Task input START
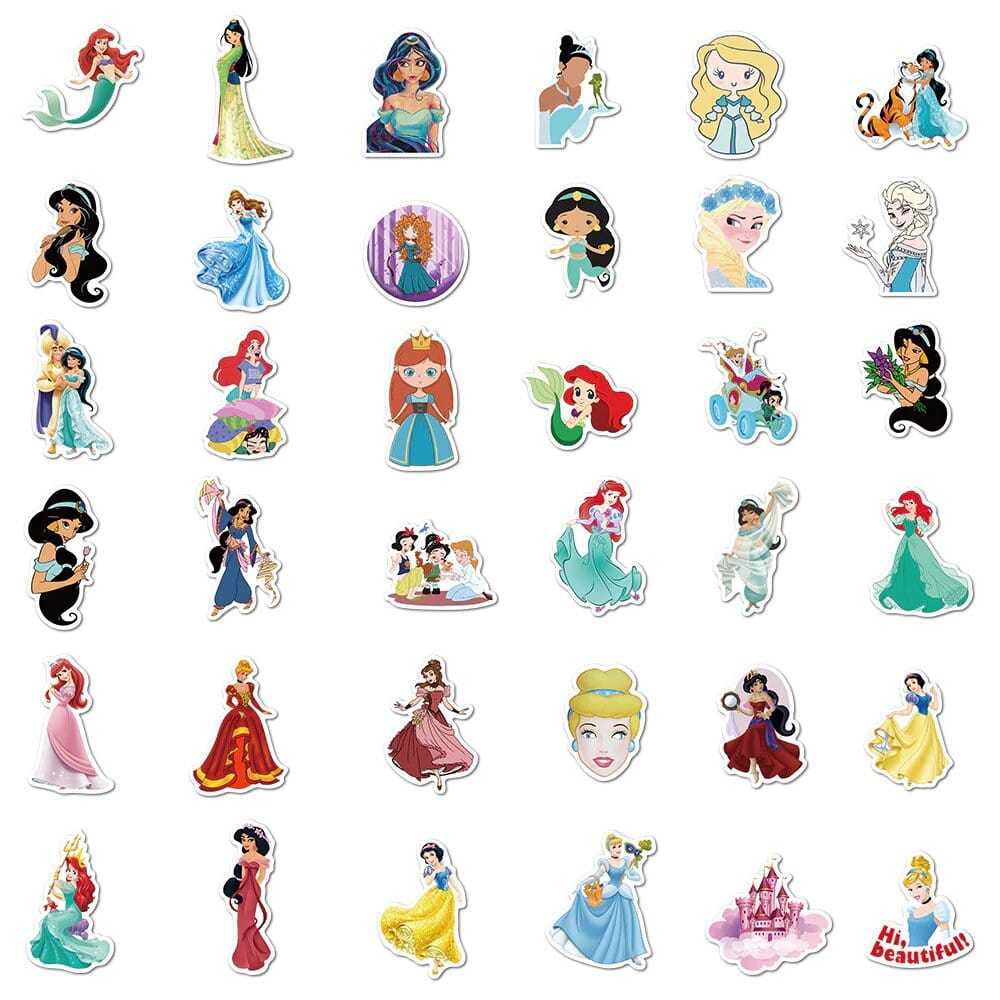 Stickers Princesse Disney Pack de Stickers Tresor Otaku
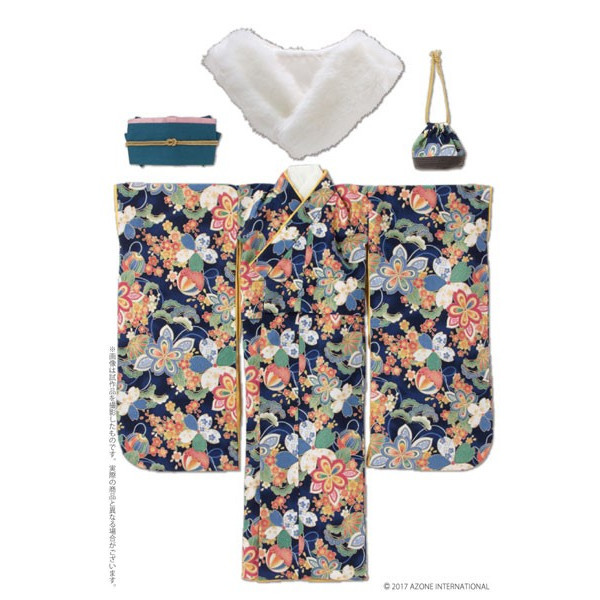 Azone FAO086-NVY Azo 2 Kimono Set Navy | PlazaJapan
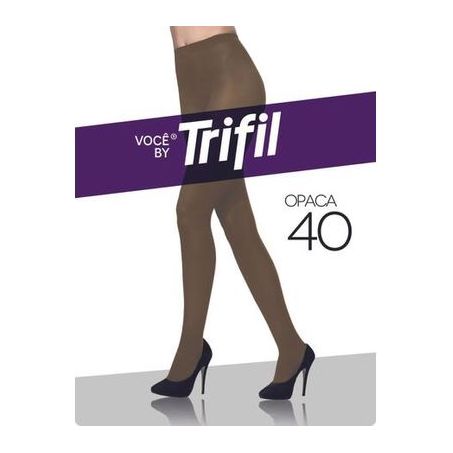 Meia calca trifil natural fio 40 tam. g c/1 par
Task input END
Task input START
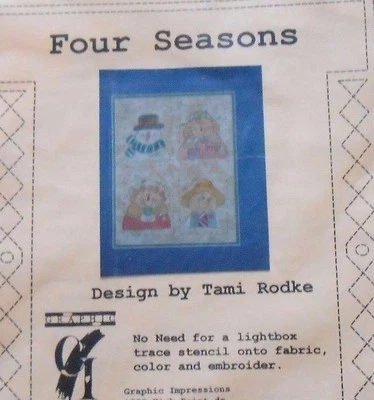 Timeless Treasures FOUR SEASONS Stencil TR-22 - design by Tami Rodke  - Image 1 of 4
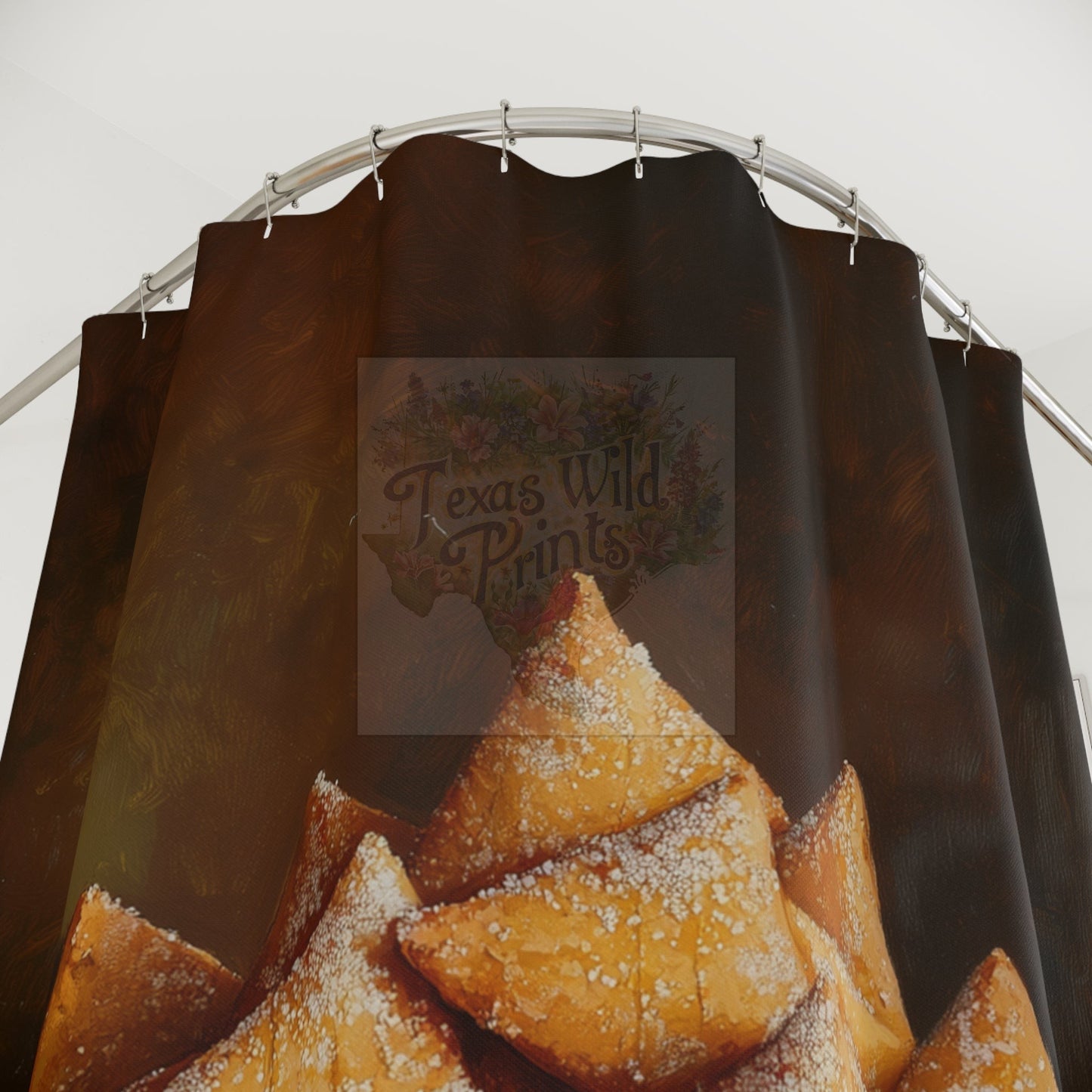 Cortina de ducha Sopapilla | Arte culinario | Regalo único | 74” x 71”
Task input END
What you need to do
Beginning with the line above that contains "Stickers Princesse Disney" and finishing with the line that contains "Meia calca trifil", print those lines exactly and only. Skip all pictures.

Answer below
 Stickers Princesse Disney Pack de Stickers Tresor Otaku
 Azone FAO086-NVY Azo 2 Kimono Set Navy | PlazaJapan
 Meia calca trifil natural fio 40 tam. g c/1 par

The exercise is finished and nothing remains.